Undergoing acupuncture significantly reduced joint pain related to treatment with aromatase inhibitors (AIs) in postmenopausal women with early-stage breast cancer compared with both sham acupuncture and no treatment at all, according to data from the Southwest Oncology Group (SWOG) S1200 trial presented at the 2017 San Antonio Breast Cancer Symposium, held December 5–9.
“Acupuncture provides a nonpharmacologic option that can improve symptoms and possibly increase AI adherence and possibly subsequent breast cancer outcomes, if patients can stay on their medication,” said Dawn L. Hershman, MD, leader of the breast cancer program at the Herbert Irving Comprehensive Cancer Center at New York–Presbyterian/Columbia University Medical Center in New York. “For patients reluctant to take a prescription medication that can control pain, that can result in other side effects, acupuncture provides a safe and effective alternative.”

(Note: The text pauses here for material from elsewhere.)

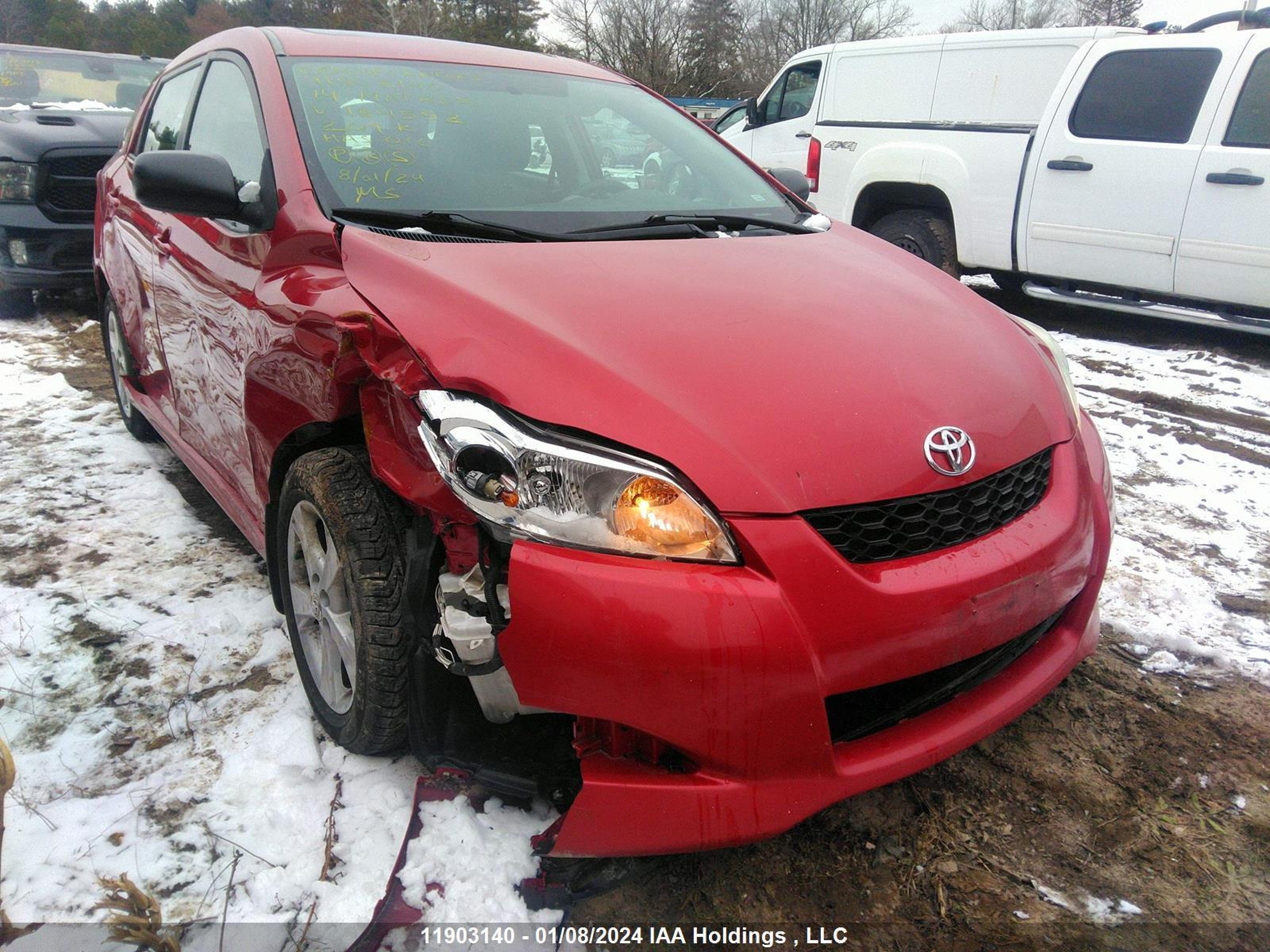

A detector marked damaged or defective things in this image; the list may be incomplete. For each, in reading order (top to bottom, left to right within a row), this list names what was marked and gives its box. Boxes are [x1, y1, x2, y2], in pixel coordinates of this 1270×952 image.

broken headlight assembly [419, 390, 733, 562]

The efficacy of AIs for women with hormone-sensitive breast cancer has been shown in both adjuvant settings and in the prevention of breast cancer, according to Hershman. However, noncompliance is a major problem, and one of the main reasons for noncompliance is due to arthralgia or joint discomfort.

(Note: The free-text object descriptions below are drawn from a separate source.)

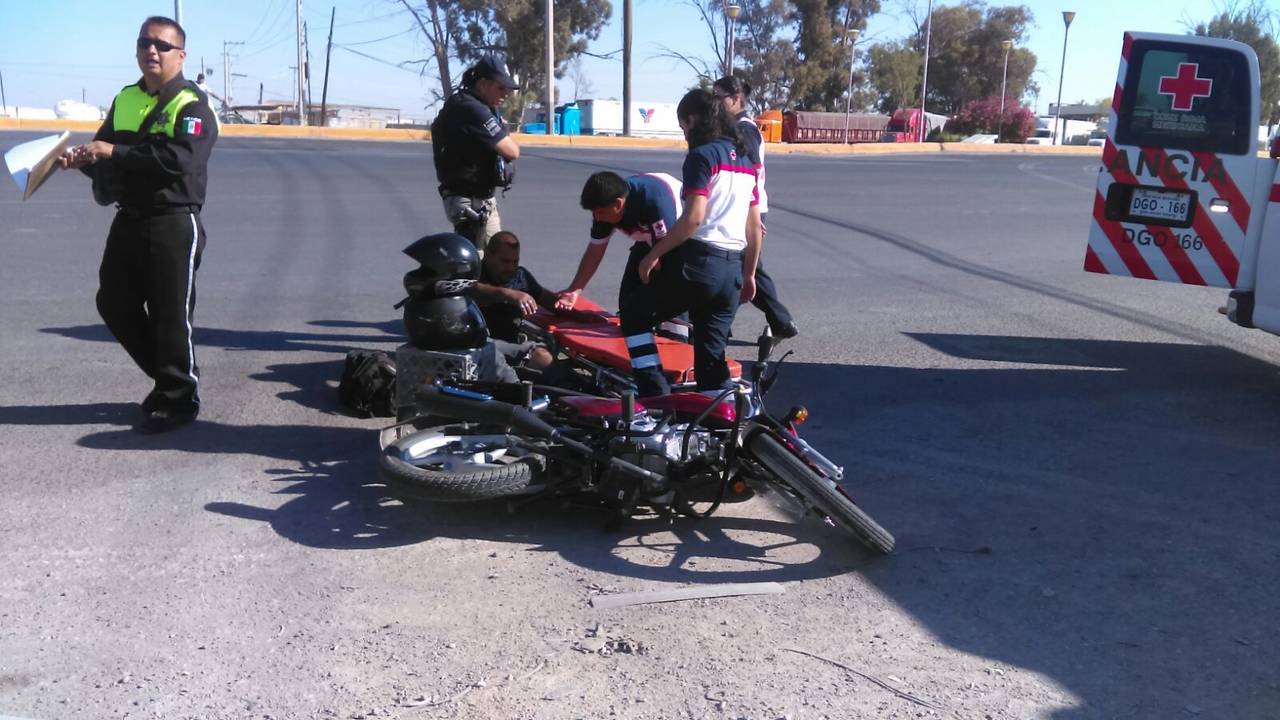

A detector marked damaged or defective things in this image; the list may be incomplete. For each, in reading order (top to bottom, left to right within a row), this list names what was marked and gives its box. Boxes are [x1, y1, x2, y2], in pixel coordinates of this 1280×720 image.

crashed red motorcycle [380, 296, 896, 552] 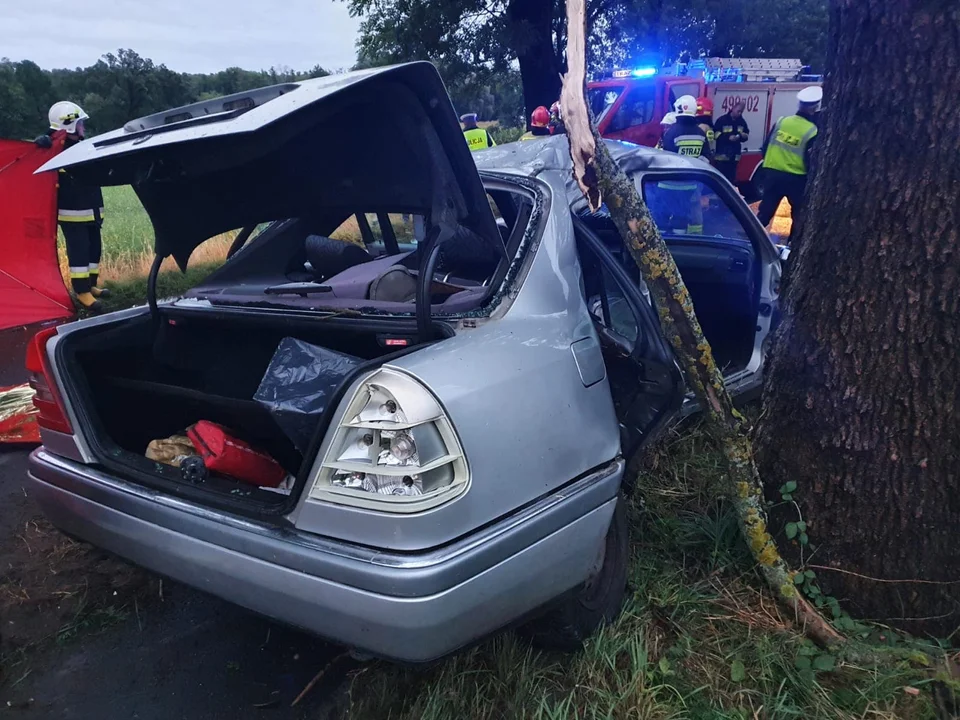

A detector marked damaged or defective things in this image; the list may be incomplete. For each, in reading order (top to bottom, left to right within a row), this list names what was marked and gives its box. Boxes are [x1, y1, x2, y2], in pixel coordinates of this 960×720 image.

damaged car [28, 63, 780, 664] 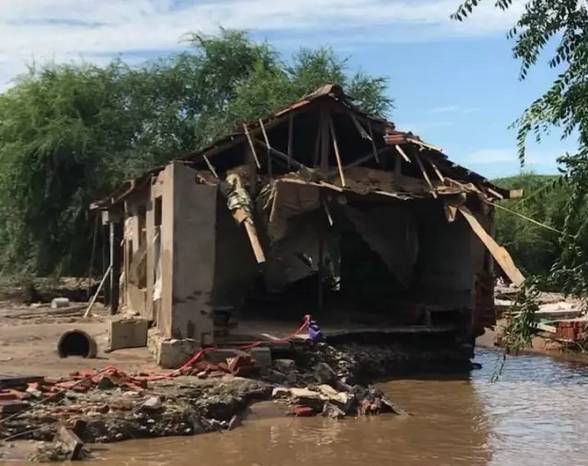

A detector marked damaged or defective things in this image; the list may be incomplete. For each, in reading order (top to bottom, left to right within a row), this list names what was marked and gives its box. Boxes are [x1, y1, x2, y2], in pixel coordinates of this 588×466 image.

damaged roof [93, 83, 520, 209]
broken structure [92, 84, 524, 364]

SWOG S1200 was designed to evaluate women with AI-induced joint pain. The trial included 226 patients randomly assigned 2:1:1 to true acupuncture (n = 110), sham acupuncture (n = 59), or a waitlist control group (n = 57). Patients in the two acupuncture arms had twice-weekly sessions for 6 weeks followed by 1 session per week for 6 more weeks.
Pain was tracked before, during, and after treatment with the Brief Pain Inventory–Short Form (BPI), which ranks pain on a scale from 0 to 10.
At 6 weeks, the patients assigned to true acupuncture had significantly lower BPI pain scores compared with patients assigned to sham acupuncture (P < .01) and those in the control arm (P < .01). There was no difference in outcomes in patients assigned sham acupuncture compared with the control arm.
The researchers also looked at the percentage of women with at least a 2-point change in pain. More than half of women (58%) assigned to true acupuncture had a 2-point change compared with 31% in the sham arm (P < .009) and 30% in the control arm (P < .004). These differences remained significantly when assessed at 24 weeks.
According to Hershman, transitioning patients from twice-a-week acupuncture to once-a-week treatment maintained the effect of the intervention.
The most common adverse event reported among patients undergoing true and sham acupuncture was bruising.
“We have shown consistently, with multiple measures assessing pain and stiffness, that true acupuncture generated better outcomes than either control group in a large multicenter randomized controlled trial,” Hershman said. “The cost of the 12-week intervention was about $1,250 ($65 to $75/session) and we feel there is now sufficient evidence to support insurance coverage of acupuncture for the treatment of AI arthralgia.”